Predict Students' Dropout and Academic Success

In this project we anylize the data from the Students Dropout Repository where data were collected from a higher education institution, encompassing students from various undergraduate programs. The dataset includes academic history, demographic information, and socio-economic factors. Our goal is to predict whether a student will fail or succeed.

Exploratoty Data Analysis (EDA)

How does the distribution of enrollment ages vary across different outcomes?

admission histogram

We can see that the dropout rate among individuals aged 25 to 40 is higher than in other age groups within this range. This may suggest that as age increases, the likelihood of graduating decreases.

Are there any noticeable differences in the course taken, between students who dropout and those who successfully graduate?

course bar plot

We observe distinct trends across different courses. For instance, Informatics Engineering (9119) and Equinculture (9130) show a higher likelihood of student dropout, whereas Nursing (9500) and Social Service (9238) exhibit a greater probability of student graduation.

How do the distributions of admission grades differ between students who dropout, those who enroll, and those who graduate?

admission grade histogram

Although the distributions appear similar, the Dropout group shows a higher concentration at the minimum grade.

Are there any interesting patterns when plotting multiple demographic variables (e.g., gender, nationality, parental qualifications) against each other in relation to student outcomes?

gender barplot

As we can see the Male group has considerable more population in the dropout group.

mother occupation barplot

After filtering the most common occupations, it's notable that 'Student' (0) and 'Other situation' (90) have a larger representation among the dropped out group of students.

father occupation barplot

Once again, 'Student' (0) and 'Other situation' (90) show a higher presence in the dropout group.

How does it look the distribution of all curriculum credicts depending on the student cathegory?

units 1st semester histograms units 2nd semester histograms

As observed, the dropout group has a significant number of individuals with zero completed curricular units.

Modeling

We have implemented three machine learning models. The first, a Decision Tree Classifier, serves as our baseline model providing a simple and interpretable approach that helps us evaluate the performance of more advanced models. The second, Logistic Regression, is a more robust model, particularly effective for binary classification when the relationship between features and the outcome is approximately linear. Finally, the Random Forest Classifier offers a more sophisticated solution by combining multiple decision trees to improve accuracy and reduce overfitting.

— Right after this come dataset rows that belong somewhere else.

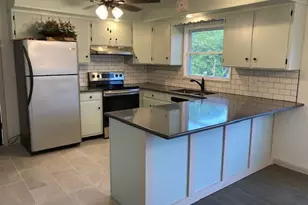 424 Minersville St, Seltzer, PA 17974 - Photo 12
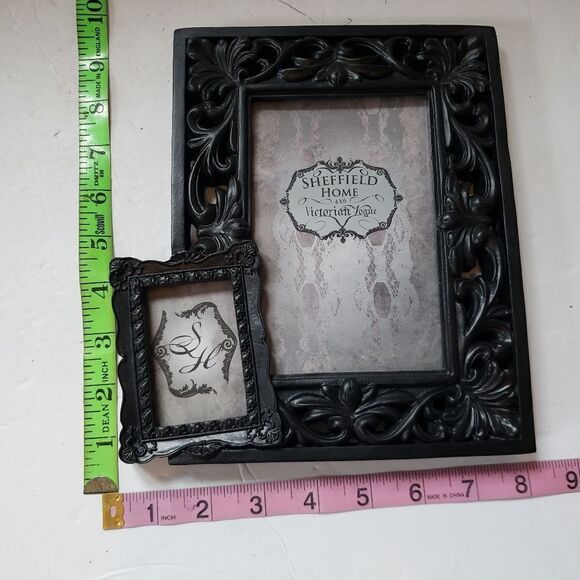 Sheffield Home Picture Frame - Picture 7 of 7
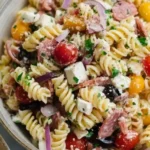 classic italian pasta salad 2026 05 03 113623 1024x574 1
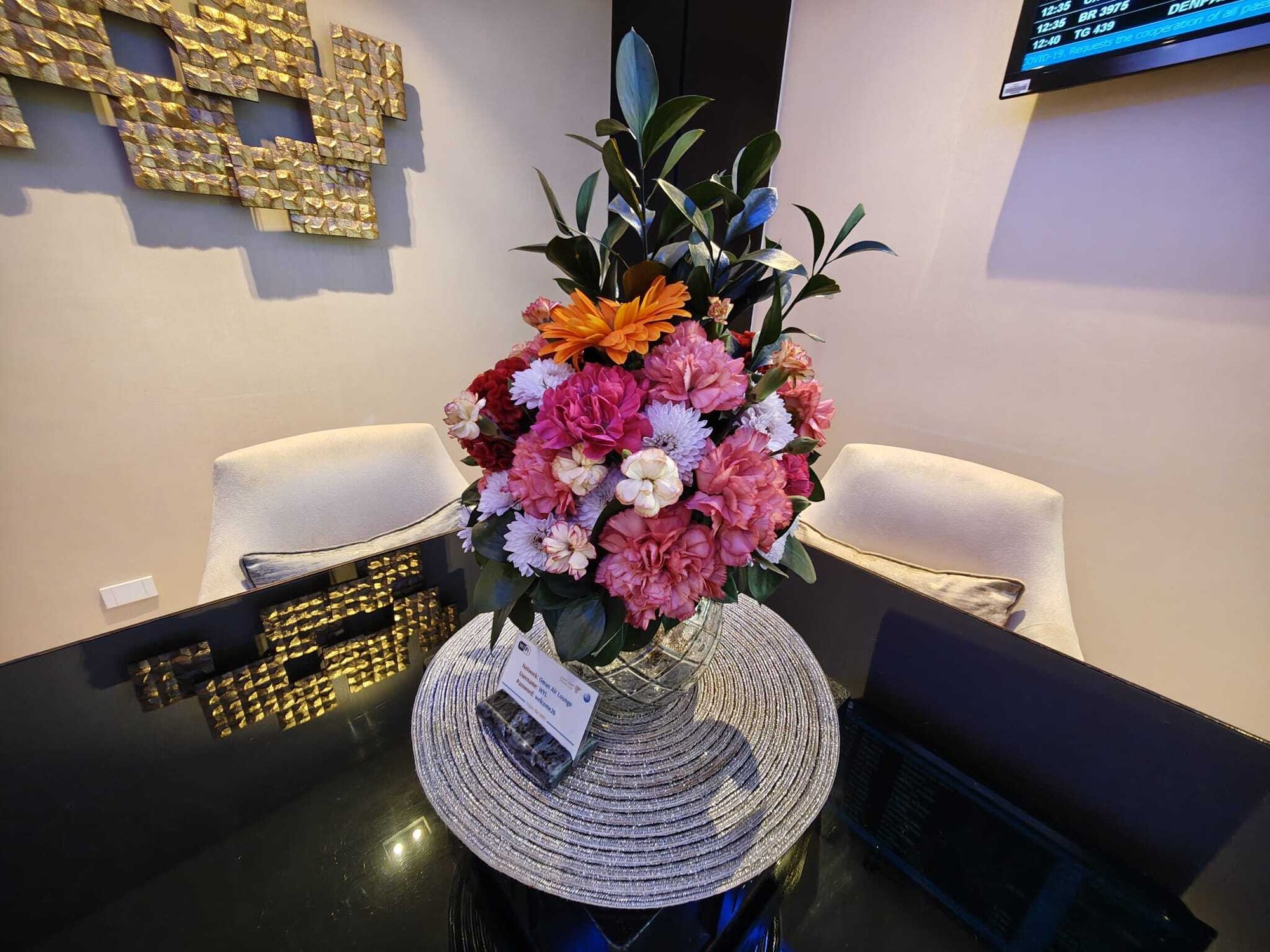 WY BKK Lounge 3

What we see bellow are the confusion matrices for the three respective models.

decision tree

Global Accuracy of the model: 0.68

logistic regression

Global Accuracy of the model: 0.75

random forest

Global Accuracy of the model: 0.77

Overall, the Random Forest Classifier delivers better performance compared to the other models. However, as seen in all confusion matrices, there is a significant imbalance in the "Graduate" and "Enrolled" groups. In other words, while the models perform well when predicting dropouts, their accuracy goes down when predicting the other categories. This discrepancy is likely due to the data imbalance itself, which skews the models' predictions.

Despite this imbalance, we have developed a reliable model to analyze student situations. This is valuable for institutions, as it enables them to take proactive measures when addressing the risk of student dropouts.

Thanks for reading! 🧑‍💻💕